海外M&A成功の条件(4)日本におけるM&Aの歴史

概要・テキスト
日本では第二次世界大戦の折に、国による統制経済化が社会の隅々に浸透したため、民間のM&Aの気運がしぼんでしまった。さらに共同体論的な「日本的経営」の伝統が確立したため、M&Aは「乗っ取り」というネガティブな感情ばかりが強くなり、M&Aが持つ買収のダイナミック・ケイパビリティが、うまく発達しなかった。だがもはや、統制経済型の人がやってうまく行くほど、世界は単純ではなくなった(全5話中第4話)
※インタビュアー:神藏孝之(10MTVオピニオン論説主幹)
時間:09:46
収録日:2019/07/02
追加日:2019/09/17
キーワード:
≪全文≫

●「乗っ取り」と呼ばれていたM&A


神藏 日本におけるM&A元年は、2005年と言われています。

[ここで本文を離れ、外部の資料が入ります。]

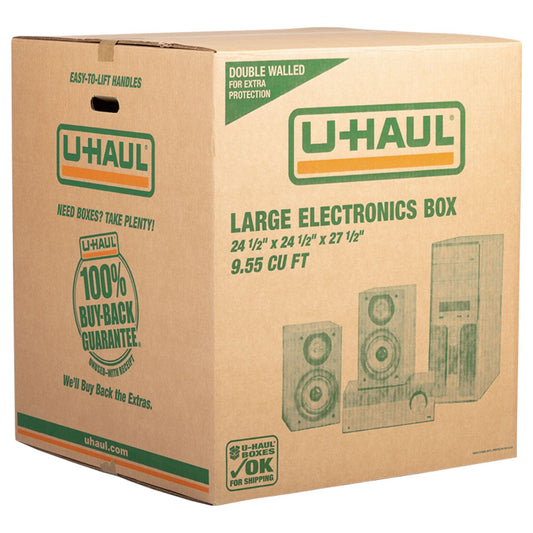 Double-Walled Large Electronics Moving Box | Pack of 2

そのあたりの歴史を少しお話しいただけますか。

谷口 株式会社論で非常に碩学の岩井克人先生が、2005年は日本にとってM&A元年だと言われています。この年、ライブドア事件がありました。堀江貴文さんがニッポン放送の株を買った。日本でM&AやM&A用語が非常に浸透する、いいきっかけになったわけです。「コーポレートガバナンス」や「会社は誰のものか」といった話が1つのきっかけになったと思います。

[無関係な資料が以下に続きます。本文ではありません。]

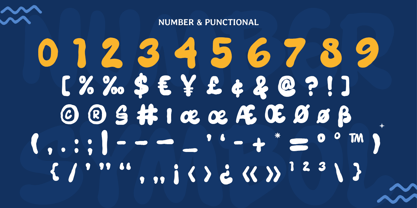 Kids School Font Poster 12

 それ以外にも、ペンタックスがHOYAを買収したり、楽天がTBSに買収を仕掛けたり、あるいは村上ファンドが阪神に仕掛ける、ザ・チルドレンズ・インベストメントが電源開発(Jパワー)の株を大量買い増しするなど、M&Aに関する話題が非常に取り上げられた年が、2005年でした。

 ただ、それ以前に溯る(さかのぼる)と、昔はM&Aは「乗っ取り」と言われていました。城山三郎さんの小説にも『乗取り』という実話をもとにしたものがあります。財閥解体後、三菱の丸ノ内の土地は、陽和不動産と関東不動産か持つことになりますが、これに目を付けた藤綱久二郎という人物が、陽和不動産の株を買い占めるのです。これはまずいということで三菱財閥の長老たちが集まり、買われた株を高値で買い戻します。

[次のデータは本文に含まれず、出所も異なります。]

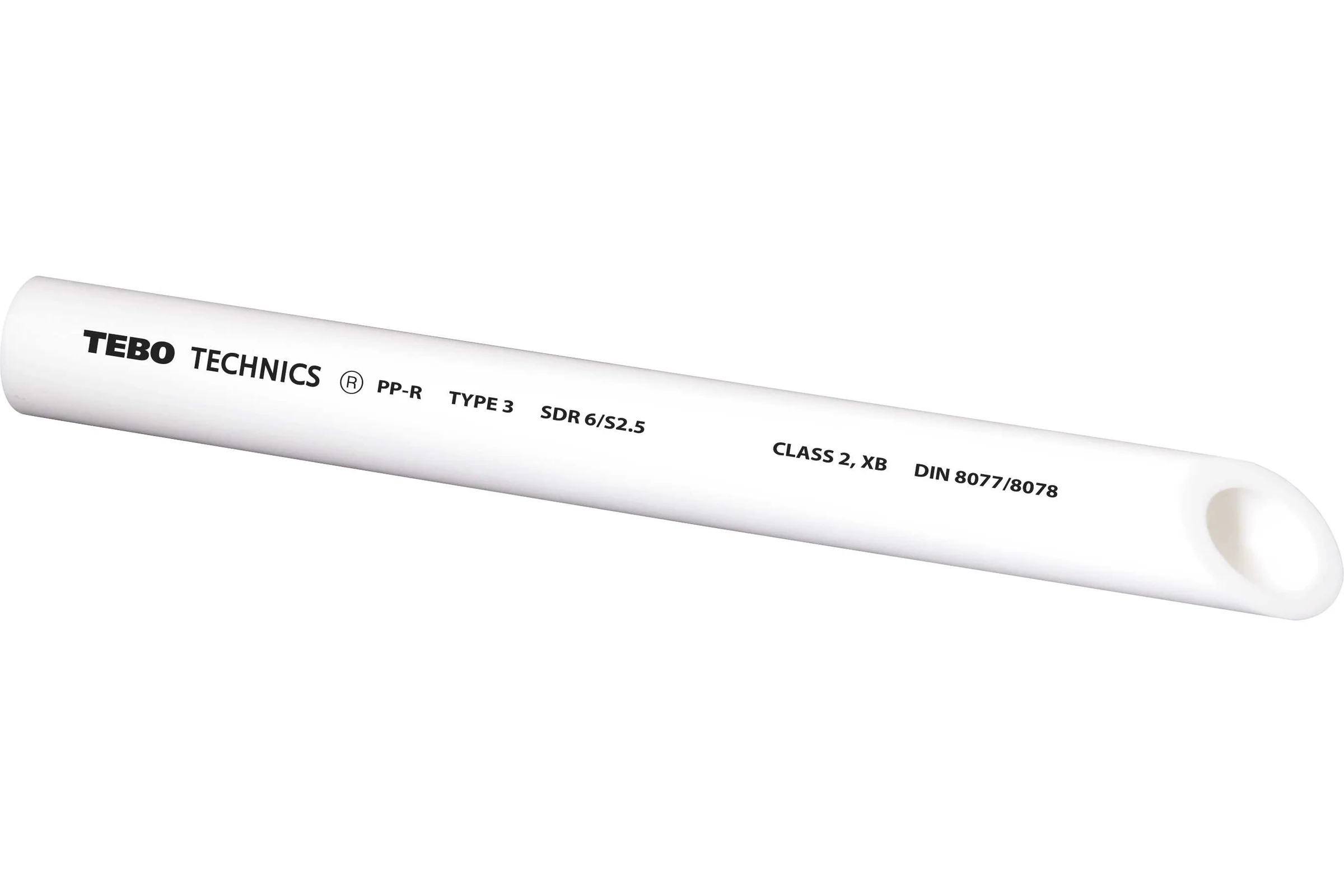 Труба TEBO PPR 25х4,2мм SDR6 (4м) 030010203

 1952年(昭和27)のことで、再び同じような買収や敵対的な乗っ取りが起こらないよう、防御策として株式持ち合いが始まります。株式持ち合いのきっかけとなった事件です。

 その翌年には、ホテルニュージャパン火災事件でも有名な横井英樹さんが、百貨店の白木屋を敵対的買収するという事件がありました。これは途中で頓挫して、最終的に東急の五島慶太さんが白木屋を引き受けて事態は収束しますが、M&Aはすでに「乗っ取り」と言われ、ネガティブに見られていたのです。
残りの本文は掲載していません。